My spirited daughter is 2.5 years old and I am wondering if I will ever successfully wean her.
I tried nightweaning as she was still nursing 2-5 times in the middle of the night. We went 3 weeks with my husband helping out in the middle of the night but only taking one wake up on weekdays as I am stay at home and he works full time and didn't think he could handle more. After 3 weeks of often being up with her for 1-2 hours in the middle of the night (mostly trying to successfully transfer her from my arms rocking or walking to her bed), my husband got sick and couldn't do the middle of the nights and then went on a four day business trip. I completely crumbled and went back to nursing her at bedtime and nighttime which I hadn't done in 3 weeks but she was still begging for it, though not uncontrollable I just couldn't handle it all on my shoulders anymore (the sleep deprivation was horrible).

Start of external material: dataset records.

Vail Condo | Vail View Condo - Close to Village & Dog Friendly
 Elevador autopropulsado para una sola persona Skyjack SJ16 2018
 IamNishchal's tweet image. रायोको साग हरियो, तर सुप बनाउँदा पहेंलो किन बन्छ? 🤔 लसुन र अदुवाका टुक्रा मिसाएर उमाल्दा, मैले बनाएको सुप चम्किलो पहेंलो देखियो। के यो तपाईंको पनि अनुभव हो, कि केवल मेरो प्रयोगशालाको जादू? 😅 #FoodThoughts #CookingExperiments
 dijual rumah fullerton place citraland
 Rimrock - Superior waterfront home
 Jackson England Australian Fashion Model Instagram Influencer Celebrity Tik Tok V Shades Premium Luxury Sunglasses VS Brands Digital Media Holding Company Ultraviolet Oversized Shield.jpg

Once I stopped, I tried to restart after my husband's return. I was met with SO MUCH screaming and crying that I didn't last a week before I gave up again. Plus, Thanksgiving came and I didn't want to subject any of us to that much screaming in a foreign environment (plus I didn't want to subject my parents to it).
So here I am, nursing at naptime, bedtime, nighttime, and mornings. I wish I had tons of milk and was okay with it all, but sometimes I am so low on milk that I feel my body has nothing left to give.
Most weaning threads I read say, after a week of nightweaning it all gets easier. I wish it only took a week, but I think her intense, persistent, sensitive personality requires something different. I am not sure I should be weaning at all some days and other days I think I should have weaned already.